Re: [PATCH] per-cgroup tcp buffer limitation

From: Glauber Costa
Date: Fri Sep 09 2011 - 00:18:09 EST

On 09/08/2011 06:53 PM, Greg Thelen wrote:
On Wed, Sep 7, 2011 at 9:44 PM, Glauber Costa<glommer@xxxxxxxxxxxxx> wrote:

Thanks for your ideas and patience.

Likewise. It is turning out to be a very fruitful

Well, it is a way to see this. The other way to see this, is that you're
proposing to move to the kernel, something that really belongs in userspace.
That's because:

With the information you provided me, I have no reason to believe that the
kernel has more condition to do this work. Do the kernel have access to any
information that userspace do not, and can't be exported? If not, userspace
is traditionally where this sort of stuff has been done.

I think direct reclaim is a pain if user space is required to participate in
memory balancing decisions.
It depends on the decision.

One thing a single memory limit solution has is the
ability to reclaim user memory to satisfy growing kernel memory needs (and vise

this works for a strict definition of the word "needs". If I *need*
more kernel memory, I'd be happy to have more. But if I just want to
screw other containers, they will be happy if I don't get what I
"need" - it can be unreclaimable. Since those are limits, they are
expected to be, in any real setups, greater than any use people
should be doing, and yet, prevent bad usage scenarios.

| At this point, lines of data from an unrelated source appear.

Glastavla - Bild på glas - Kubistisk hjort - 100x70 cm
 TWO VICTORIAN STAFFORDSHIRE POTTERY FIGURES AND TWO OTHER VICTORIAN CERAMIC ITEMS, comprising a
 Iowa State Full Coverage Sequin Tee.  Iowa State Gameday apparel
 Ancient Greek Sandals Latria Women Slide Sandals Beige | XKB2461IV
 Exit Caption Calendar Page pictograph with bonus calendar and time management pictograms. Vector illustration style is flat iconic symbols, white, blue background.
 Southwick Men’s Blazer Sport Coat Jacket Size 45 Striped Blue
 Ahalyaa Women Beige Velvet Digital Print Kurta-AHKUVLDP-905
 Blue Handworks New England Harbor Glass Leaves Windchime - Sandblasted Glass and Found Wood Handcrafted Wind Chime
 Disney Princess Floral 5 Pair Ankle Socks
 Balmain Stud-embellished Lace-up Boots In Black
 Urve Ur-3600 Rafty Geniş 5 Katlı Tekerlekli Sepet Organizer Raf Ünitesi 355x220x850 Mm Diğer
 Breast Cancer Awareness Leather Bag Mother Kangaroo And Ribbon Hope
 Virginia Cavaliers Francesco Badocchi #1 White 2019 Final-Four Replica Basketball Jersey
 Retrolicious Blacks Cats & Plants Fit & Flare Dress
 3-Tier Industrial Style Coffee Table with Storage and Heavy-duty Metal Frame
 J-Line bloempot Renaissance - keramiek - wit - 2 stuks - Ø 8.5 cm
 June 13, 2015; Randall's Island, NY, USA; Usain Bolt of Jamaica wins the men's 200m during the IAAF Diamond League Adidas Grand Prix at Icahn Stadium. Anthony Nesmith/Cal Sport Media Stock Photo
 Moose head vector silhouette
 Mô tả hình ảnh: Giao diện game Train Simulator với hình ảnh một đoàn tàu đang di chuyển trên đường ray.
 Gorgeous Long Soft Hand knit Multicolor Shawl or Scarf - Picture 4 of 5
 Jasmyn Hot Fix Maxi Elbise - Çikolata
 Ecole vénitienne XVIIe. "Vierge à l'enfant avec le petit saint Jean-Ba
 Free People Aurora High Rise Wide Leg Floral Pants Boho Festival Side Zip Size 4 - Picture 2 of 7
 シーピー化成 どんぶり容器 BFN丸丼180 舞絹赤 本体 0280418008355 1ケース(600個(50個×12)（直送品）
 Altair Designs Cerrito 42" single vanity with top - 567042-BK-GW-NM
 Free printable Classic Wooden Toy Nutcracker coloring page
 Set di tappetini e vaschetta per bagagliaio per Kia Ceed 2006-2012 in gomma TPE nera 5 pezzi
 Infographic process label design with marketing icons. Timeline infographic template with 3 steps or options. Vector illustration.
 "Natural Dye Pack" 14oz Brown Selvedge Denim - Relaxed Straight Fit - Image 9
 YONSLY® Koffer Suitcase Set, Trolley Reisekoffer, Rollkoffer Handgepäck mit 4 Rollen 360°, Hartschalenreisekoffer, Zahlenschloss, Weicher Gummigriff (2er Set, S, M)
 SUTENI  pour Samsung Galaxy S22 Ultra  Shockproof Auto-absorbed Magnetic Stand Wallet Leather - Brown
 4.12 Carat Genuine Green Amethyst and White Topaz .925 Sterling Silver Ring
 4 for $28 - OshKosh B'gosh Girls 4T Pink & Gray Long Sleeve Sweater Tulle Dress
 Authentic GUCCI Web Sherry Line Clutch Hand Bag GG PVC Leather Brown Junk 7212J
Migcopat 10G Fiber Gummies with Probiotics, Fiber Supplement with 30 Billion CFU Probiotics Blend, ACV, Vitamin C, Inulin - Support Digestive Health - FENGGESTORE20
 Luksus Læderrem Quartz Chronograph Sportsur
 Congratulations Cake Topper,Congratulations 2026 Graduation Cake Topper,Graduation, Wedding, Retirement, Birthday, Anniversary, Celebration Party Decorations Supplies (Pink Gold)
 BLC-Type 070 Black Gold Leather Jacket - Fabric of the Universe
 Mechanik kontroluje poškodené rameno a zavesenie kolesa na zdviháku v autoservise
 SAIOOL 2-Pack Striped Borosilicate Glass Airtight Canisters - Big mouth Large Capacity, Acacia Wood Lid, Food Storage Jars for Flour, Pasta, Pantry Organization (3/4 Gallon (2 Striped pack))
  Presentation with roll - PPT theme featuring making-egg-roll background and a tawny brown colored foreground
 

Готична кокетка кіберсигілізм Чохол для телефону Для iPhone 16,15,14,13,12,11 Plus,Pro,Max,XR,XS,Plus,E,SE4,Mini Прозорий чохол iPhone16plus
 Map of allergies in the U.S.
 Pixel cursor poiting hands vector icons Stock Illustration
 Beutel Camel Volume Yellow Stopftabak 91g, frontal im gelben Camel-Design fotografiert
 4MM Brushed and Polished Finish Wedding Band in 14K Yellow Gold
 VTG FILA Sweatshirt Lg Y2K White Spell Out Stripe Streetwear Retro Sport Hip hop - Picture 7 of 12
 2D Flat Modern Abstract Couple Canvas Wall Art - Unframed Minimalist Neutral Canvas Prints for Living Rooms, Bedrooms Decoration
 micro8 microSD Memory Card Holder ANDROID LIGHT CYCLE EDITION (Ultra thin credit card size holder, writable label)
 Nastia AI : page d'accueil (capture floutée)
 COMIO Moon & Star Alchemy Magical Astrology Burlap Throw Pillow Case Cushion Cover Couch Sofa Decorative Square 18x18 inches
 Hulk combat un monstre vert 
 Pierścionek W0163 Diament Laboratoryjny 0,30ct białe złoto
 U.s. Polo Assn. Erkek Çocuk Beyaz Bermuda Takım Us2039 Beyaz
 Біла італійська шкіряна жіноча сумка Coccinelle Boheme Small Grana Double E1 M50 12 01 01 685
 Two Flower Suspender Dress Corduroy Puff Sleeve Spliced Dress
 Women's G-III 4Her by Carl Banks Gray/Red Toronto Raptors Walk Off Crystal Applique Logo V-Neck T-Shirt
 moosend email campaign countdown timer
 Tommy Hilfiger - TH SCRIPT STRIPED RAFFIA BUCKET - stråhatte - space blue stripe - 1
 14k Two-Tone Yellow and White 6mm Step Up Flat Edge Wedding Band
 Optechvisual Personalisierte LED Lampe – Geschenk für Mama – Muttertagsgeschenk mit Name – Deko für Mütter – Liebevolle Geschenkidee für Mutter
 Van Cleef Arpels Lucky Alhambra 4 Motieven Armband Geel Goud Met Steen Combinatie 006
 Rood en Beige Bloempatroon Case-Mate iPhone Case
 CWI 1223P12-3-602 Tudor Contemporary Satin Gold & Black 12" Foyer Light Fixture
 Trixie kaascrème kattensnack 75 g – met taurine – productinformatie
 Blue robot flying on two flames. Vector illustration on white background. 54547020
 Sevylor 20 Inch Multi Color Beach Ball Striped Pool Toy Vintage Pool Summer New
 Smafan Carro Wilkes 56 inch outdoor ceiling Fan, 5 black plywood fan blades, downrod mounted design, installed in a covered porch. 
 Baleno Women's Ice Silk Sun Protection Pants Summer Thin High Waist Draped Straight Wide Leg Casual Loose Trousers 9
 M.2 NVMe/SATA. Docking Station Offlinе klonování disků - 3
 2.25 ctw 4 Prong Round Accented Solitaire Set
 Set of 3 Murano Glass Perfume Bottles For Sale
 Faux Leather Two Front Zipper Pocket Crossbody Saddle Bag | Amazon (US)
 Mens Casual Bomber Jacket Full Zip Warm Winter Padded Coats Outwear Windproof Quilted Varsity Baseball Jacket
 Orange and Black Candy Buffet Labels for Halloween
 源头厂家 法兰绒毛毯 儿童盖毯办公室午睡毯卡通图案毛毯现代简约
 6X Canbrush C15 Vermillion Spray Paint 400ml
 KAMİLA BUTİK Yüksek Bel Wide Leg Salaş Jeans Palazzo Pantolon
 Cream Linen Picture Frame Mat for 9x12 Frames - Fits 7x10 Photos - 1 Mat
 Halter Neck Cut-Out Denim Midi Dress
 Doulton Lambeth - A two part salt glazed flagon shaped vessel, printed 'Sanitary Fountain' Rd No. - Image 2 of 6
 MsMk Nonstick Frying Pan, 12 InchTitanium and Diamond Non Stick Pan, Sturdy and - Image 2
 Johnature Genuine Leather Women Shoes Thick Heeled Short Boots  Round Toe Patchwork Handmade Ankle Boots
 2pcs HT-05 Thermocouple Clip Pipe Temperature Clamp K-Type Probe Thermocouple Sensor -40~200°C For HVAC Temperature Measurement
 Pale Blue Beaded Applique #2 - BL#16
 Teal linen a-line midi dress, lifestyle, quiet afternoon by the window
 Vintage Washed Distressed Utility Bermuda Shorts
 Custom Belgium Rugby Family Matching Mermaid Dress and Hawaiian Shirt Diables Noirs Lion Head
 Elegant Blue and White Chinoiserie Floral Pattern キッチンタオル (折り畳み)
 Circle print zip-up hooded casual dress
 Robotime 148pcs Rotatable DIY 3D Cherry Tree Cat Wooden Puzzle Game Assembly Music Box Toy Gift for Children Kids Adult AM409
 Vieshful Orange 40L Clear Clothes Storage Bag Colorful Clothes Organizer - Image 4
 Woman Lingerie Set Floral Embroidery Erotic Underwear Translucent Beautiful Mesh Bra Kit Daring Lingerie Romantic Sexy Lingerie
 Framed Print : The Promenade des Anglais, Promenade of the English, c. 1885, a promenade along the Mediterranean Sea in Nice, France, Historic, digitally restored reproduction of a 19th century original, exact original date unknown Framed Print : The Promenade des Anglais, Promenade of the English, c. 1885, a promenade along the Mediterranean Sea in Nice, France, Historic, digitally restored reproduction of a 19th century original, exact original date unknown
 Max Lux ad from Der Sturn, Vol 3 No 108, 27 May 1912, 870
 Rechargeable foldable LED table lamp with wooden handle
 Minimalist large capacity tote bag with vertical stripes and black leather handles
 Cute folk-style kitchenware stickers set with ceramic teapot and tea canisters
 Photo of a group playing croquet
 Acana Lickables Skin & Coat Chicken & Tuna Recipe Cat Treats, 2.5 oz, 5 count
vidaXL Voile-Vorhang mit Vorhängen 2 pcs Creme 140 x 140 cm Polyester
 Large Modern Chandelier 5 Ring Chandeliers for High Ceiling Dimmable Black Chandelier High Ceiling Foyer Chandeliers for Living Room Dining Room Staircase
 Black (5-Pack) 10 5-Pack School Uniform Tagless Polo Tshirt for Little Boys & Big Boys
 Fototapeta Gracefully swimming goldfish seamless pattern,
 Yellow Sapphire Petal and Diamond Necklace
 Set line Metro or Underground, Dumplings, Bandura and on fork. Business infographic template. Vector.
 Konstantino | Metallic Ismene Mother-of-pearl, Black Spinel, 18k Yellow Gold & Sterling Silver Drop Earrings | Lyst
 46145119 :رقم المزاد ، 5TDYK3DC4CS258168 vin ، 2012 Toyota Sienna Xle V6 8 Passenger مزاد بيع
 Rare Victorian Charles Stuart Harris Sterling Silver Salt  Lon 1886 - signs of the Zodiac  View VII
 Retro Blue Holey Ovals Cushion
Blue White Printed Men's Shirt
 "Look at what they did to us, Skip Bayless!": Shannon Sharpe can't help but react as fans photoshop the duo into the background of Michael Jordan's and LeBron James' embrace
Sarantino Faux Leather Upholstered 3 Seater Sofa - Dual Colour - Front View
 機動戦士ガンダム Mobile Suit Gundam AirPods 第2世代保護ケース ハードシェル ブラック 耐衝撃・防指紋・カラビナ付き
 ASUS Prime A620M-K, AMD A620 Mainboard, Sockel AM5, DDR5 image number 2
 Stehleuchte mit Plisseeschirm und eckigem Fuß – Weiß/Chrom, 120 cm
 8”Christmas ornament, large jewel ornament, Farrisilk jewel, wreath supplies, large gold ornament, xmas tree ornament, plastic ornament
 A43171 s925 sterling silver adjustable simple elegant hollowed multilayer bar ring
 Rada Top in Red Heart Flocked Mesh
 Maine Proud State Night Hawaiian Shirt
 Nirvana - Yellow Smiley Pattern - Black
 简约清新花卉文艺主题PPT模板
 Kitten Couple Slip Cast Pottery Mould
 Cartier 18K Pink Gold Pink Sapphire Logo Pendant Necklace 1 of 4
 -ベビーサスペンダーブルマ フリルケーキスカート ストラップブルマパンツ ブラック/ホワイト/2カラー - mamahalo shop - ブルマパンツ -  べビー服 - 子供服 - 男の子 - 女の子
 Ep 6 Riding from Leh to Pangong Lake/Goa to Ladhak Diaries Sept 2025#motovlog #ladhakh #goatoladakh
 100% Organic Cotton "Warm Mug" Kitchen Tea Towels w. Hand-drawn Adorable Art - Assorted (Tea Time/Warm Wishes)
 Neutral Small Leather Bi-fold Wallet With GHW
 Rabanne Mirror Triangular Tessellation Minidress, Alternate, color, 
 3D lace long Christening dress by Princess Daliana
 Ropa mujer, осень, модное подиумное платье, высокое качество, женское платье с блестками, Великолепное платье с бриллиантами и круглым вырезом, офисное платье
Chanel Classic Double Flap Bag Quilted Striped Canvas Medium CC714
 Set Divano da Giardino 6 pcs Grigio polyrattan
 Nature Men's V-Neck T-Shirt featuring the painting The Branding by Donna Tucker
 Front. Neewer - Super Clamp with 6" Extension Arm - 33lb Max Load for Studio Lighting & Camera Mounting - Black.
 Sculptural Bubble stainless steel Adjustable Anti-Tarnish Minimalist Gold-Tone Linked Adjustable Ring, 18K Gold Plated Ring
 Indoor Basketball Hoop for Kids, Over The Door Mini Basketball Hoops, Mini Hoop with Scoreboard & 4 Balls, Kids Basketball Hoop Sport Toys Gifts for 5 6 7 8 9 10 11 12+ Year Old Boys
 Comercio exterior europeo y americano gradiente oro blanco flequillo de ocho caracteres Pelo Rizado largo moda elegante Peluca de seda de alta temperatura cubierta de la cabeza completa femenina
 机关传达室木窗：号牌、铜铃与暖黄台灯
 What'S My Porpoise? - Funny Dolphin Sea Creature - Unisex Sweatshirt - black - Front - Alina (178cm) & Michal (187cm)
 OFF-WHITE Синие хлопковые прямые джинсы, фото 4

If a container must fit within 100M, then a single limit solution
would set the limit to 100M and never change it. In a split limit solution a
user daemon (e.g. uswapd) would need to monitor the usage and the amount of
active memory vs inactive user memory and unreferenced kernel memory to
determine where to apply pressure.

Or it can just define some parameters and let the kernel do the
rest. Like for instance, a maximum proportion allowed, a maximum
proportion desired, etc.

With some more knobs such a uswapd could
attempt to keep ahead of demand. But eventually direct reclaim would
be needed to satisfy rapid growth spikes. Example: If the 100M container
starts with limits of 20M kmem and 80M user memory but later its kernel
memory needs grow to 70M. With separate user and kernel memory
limits the kernel memory allocation could fail despite there being
reclaimable user pages available.

No no, this is a ratio, not a *limit*. A limit is something you
should not be allowed to go over. A good limit of kernel memory for
a 100 Mb container could be something like... 100 mb. But there is
more to that.

Risking being a bit polemic here, I think that when we do
containers, we have to view the kernel a little bit like a shared resource that is not accounted to anybody. It is easy to account things like tcp buffer, but who do you account page tables for shared pages to? Or pinned dentries for shared filesystems ?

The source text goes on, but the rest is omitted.